» TASK ITEM
Write out each line from the data below that includes the word "Blend".

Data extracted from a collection

****************

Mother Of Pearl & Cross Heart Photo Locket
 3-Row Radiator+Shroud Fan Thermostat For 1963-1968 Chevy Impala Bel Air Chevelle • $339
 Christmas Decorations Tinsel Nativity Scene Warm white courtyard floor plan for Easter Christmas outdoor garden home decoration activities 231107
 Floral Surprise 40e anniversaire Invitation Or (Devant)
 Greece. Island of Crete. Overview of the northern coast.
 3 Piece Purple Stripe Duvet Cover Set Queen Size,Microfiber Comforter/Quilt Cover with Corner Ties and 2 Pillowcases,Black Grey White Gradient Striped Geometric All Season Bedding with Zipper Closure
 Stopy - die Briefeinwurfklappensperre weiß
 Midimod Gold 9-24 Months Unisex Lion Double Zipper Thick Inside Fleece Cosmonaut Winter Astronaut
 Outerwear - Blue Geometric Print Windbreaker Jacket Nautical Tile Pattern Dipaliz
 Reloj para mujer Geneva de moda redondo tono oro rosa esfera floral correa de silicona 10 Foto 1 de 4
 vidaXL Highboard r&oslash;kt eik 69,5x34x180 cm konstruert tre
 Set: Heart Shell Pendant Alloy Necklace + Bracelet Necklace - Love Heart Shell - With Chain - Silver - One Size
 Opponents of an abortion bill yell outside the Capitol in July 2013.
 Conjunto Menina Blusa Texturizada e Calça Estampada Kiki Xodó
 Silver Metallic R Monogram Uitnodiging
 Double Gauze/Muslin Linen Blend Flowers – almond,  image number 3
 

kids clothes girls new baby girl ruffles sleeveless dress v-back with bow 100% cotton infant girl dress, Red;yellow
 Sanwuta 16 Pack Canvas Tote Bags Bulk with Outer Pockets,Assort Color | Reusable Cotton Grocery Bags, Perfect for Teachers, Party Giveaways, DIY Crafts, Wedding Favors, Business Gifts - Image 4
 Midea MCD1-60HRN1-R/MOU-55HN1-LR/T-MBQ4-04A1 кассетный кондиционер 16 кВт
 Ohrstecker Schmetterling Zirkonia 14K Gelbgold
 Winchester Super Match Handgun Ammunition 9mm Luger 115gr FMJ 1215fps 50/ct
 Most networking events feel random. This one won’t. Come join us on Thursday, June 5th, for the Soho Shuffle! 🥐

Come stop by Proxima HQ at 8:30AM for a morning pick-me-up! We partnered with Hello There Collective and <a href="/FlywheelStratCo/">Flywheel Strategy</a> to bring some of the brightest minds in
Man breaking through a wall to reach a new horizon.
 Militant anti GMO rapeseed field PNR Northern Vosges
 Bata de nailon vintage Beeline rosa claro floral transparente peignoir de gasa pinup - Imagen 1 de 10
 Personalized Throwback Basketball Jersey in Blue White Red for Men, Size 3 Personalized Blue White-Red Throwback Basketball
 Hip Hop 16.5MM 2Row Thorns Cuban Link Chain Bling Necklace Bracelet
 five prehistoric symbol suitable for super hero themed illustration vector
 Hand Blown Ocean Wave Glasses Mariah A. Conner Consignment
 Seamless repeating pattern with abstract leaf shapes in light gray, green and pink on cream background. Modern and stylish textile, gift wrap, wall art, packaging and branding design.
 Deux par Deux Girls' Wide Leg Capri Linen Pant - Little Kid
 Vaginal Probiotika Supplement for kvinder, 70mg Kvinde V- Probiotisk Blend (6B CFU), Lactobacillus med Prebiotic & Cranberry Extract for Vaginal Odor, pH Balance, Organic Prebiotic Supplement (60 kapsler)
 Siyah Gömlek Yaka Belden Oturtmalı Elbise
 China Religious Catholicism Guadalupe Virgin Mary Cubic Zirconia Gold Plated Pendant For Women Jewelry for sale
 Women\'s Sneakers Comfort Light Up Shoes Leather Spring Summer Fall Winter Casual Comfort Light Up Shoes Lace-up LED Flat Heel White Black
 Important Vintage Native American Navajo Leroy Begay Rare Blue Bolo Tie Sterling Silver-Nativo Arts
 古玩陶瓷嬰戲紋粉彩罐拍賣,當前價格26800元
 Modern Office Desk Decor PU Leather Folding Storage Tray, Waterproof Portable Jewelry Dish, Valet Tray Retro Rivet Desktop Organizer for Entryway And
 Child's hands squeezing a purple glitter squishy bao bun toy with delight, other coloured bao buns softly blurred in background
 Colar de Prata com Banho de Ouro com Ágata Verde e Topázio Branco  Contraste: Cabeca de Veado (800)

****************

» RESPONSE AREA
 Double Gauze/Muslin Linen Blend Flowers – almond,  image number 3
 Vaginal Probiotika Supplement for kvinder, 70mg Kvinde V- Probiotisk Blend (6B CFU), Lactobacillus med Prebiotic & Cranberry Extract for Vaginal Odor, pH Balance, Organic Prebiotic Supplement (60 kapsler)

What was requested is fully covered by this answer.